| Summary | National Percentile | Rank vs Metro |
|---|---|---|
| Housing | 73rd | Best |
| Demographics | 48th | Fair |
| Amenities | 73rd | Best |
Multifamily Valuation
| Property Details | |
|---|---|
| Address | 8150 Town Dr, Raleigh, NC, 27616, US |
| Region / Metro | Raleigh |
| Year of Construction | 2013 |
| Units | 42 |
| Transaction Date | 2011-10-28 |
| Transaction Price | $365,000 |
| Buyer | POYNER SPRING HOUSING ASSOCIATES LLC |
| Seller | THALES ACADEMY INC |
8150 Town Dr, Raleigh NC Multifamily Investment
Newer 2013 construction in an inner-suburb location with steady neighborhood occupancy suggests durable renter demand, according to WDSuite's CRE market data. The asset's vintage should remain competitive versus older stock while leaving room for targeted updates as systems age.
This inner-suburb pocket of Raleigh posts a neighborhood rating of A- and is competitive among Raleigh-Cary neighborhoods (rank 53 of 331), with occupancy around 96.5% (top quartile nationally) per WDSuite. Renter-occupied units account for roughly half of neighborhood housing, indicating a broad tenant base that can support leasing stability.
Construction skews relatively new locally (average 2007; competitive among 331 neighborhoods), and a 2013-vintage asset benefits from this dynamic by offering more contemporary layouts and finishes than older alternatives, while investors should still plan for mid-life system refreshes over the hold.
Amenities are a local strength: restaurants and cafes rank in the upper national percentiles, with parks, groceries, and pharmacies also above average. School ratings trend below national medians, which may temper family-focused demand but does not preclude workforce housing performance. Median contract rents in the neighborhood sit near the metro middle, and rent-to-income around 0.22 supports retention and measured pricing power, based on CRE market data from WDSuite.

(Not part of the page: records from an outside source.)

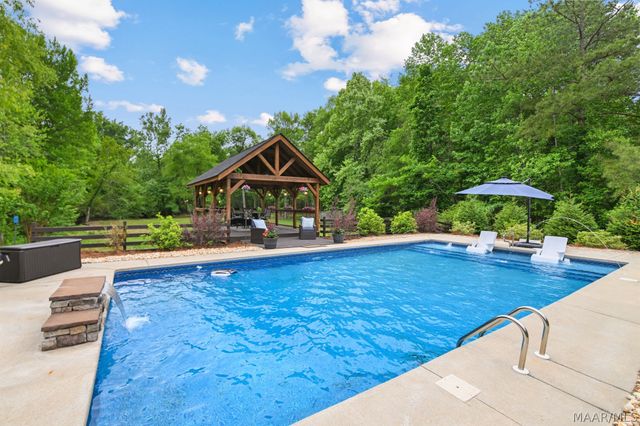 939 Richfield Road, Deatsville, AL 36022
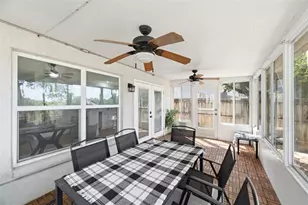 628 Cape Cod Cir, Valrico, FL 33594 - Photo 36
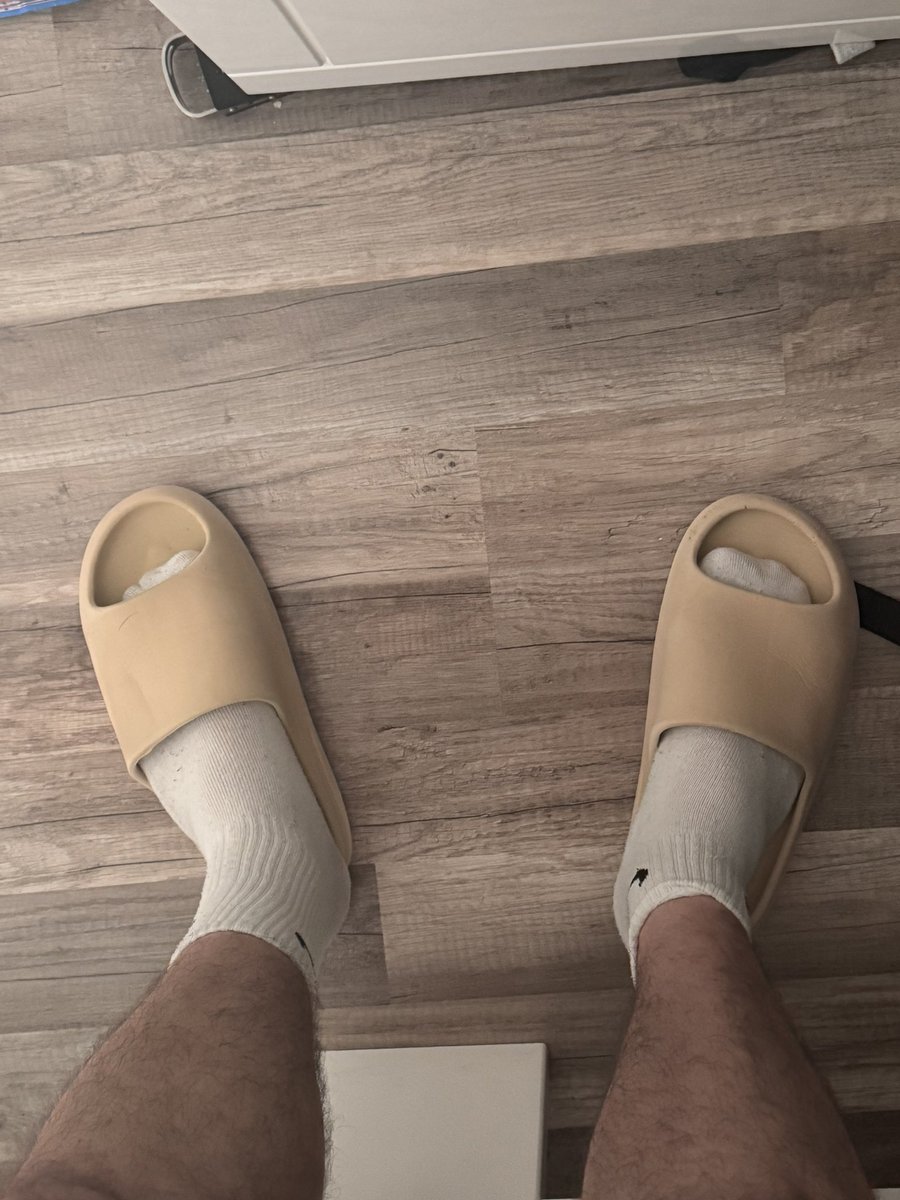 Das Wetter ist gut und somit meine Laune auch wieder. Wo sind meine Zahlfotzen?😈 #cashmaster #paypig #findom #cashfag #geldsklave #zahlsklave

Within a 3-mile radius, households have grown modestly in recent years while population inched up, signaling smaller average household sizes and a gradual expansion of the renter pool. WDSuite's 3-mile forecasts point to substantial gains in households by the next five-year period alongside higher median incomes and rising asking rents, a combination that can underpin occupancy stability if lease management stays ahead of affordability pressure.

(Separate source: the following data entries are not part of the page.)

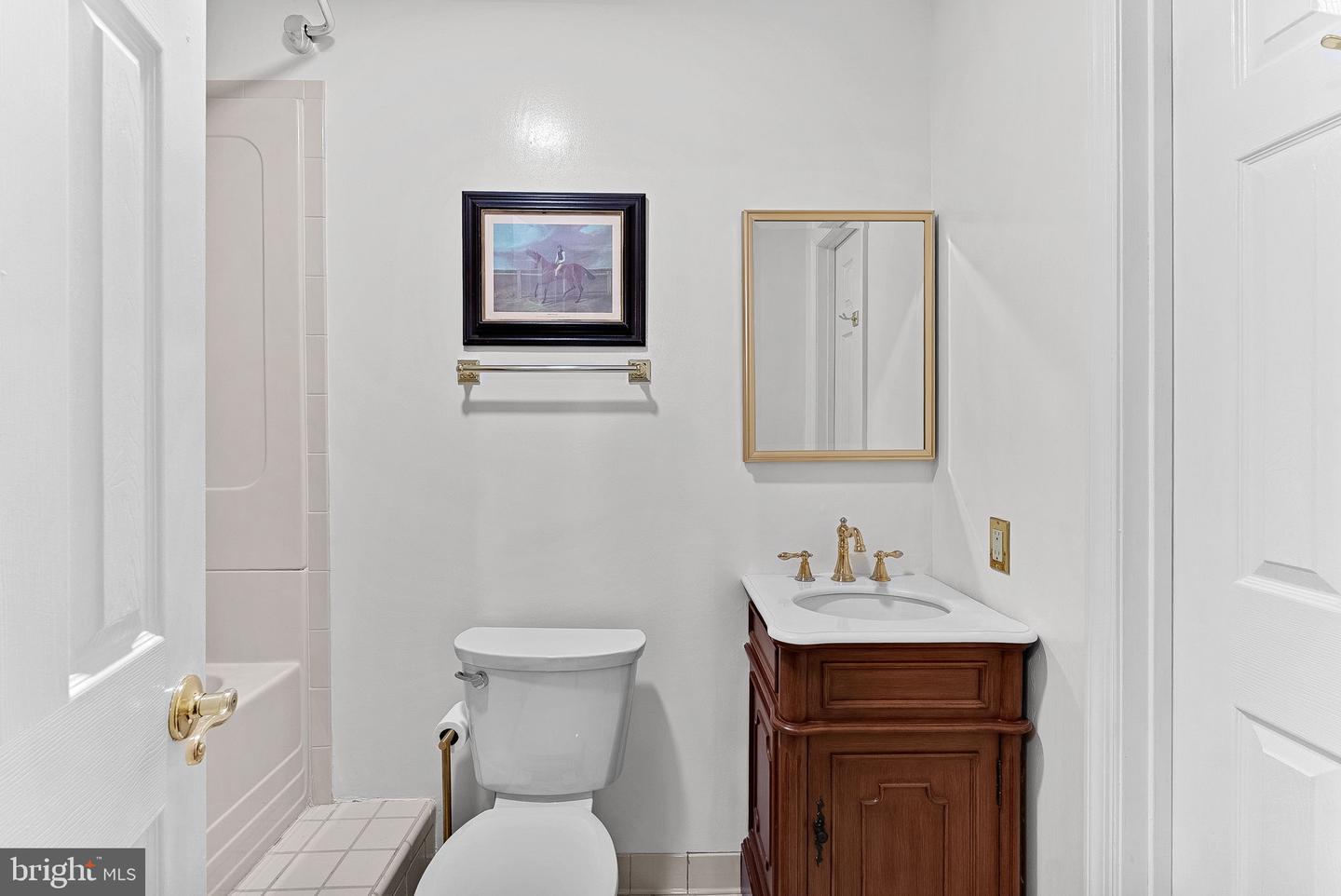 5975 WESCOTT HILLS WAY, ALEXANDRIA, Virginia 22315, 3 Bedrooms Bedrooms, ,3 BathroomsBathrooms,Residential,For sale,5975 WESCOTT HILLS WAY,VAFX2275126 MLS # VAFX2275126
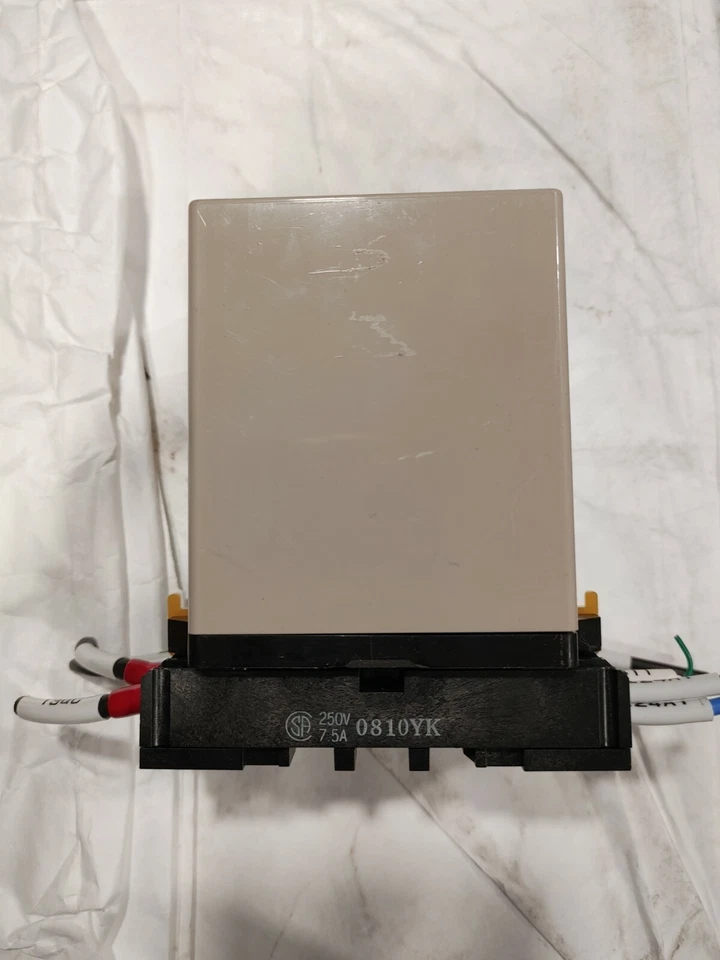 K2CU-P4A-A Omron 100/200VAC 50/60HZ 5A AC Heater Fault Detector - Free Shipping - Image 2 of 3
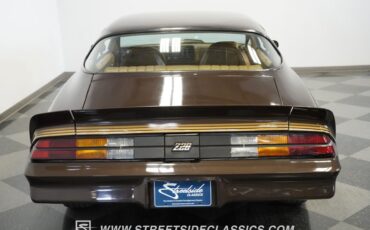 Chevrolet-Camaro-1980-Dark-Brown-Tan-17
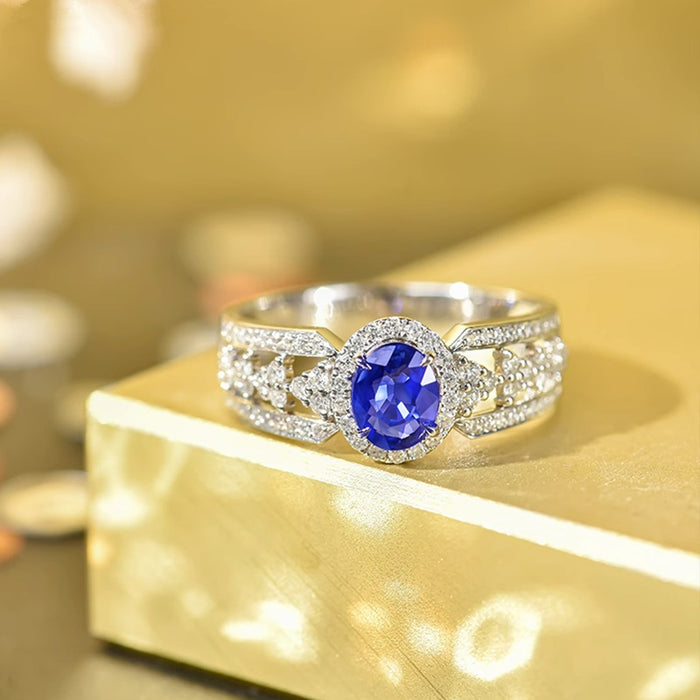 Anillo de diseño de joyería de alta gama, anillo retro de tendencia nacional total hueco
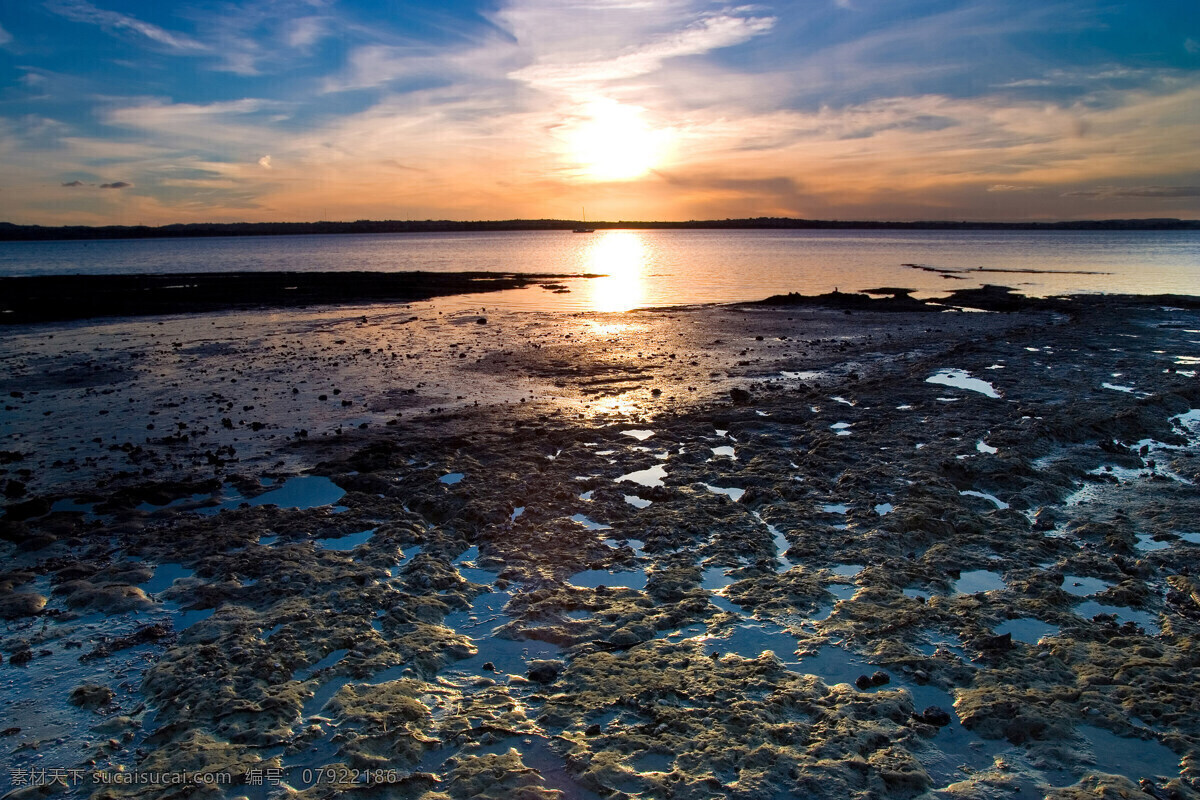 大气 风景摄影 海浪 海上日出 海水 海滩 海洋 黄昏 夕阳海边美景 夕阳海边 气魄 夕阳 岩石 雾气 辉煌 黄色 日出 水天相接 潮汐 阳光 射线 日出东方 海边日出 落日 夕阳红 海石 太阳 亮丽 自然风景 自然景观 自然风景系列 psd源文件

Safety indicators for this neighborhood track below both metro and national medians. The area ranks 242 out of 331 within the Raleigh-Cary metro, placing it below the metro median and in a lower national safety percentile, according to WDSuite. Recent year-over-year estimates show an uptick in both violent and property offenses, so investors should underwrite with conservative assumptions around security measures and operating protocols.
Contextually, submarkets across large Sun Belt metros can exhibit wide variation block to block. For underwriting, a practical approach is to compare this neighborhood's trend to similarly priced, inner-suburban Raleigh locations and assess how on-site lighting, access control, and staffing influence retention and loss-to-lease.
Proximity to major Triangle employment nodes supports demand from insurance, life sciences, and technology workforces that value commute convenience. Notable nearby employers include MetLife, AmerisourceBergen, John Deere, and Quintiles.
- MetLife - insurance (13.7 miles)
- MetLife Auto & Home Craig Conley LUTCF - insurance (14.7 miles)
- Amerisource Bergen - pharmaceutical distribution (14.8 miles)
- John Deere Morrisville Training Center - equipment manufacturing training (15.0 miles)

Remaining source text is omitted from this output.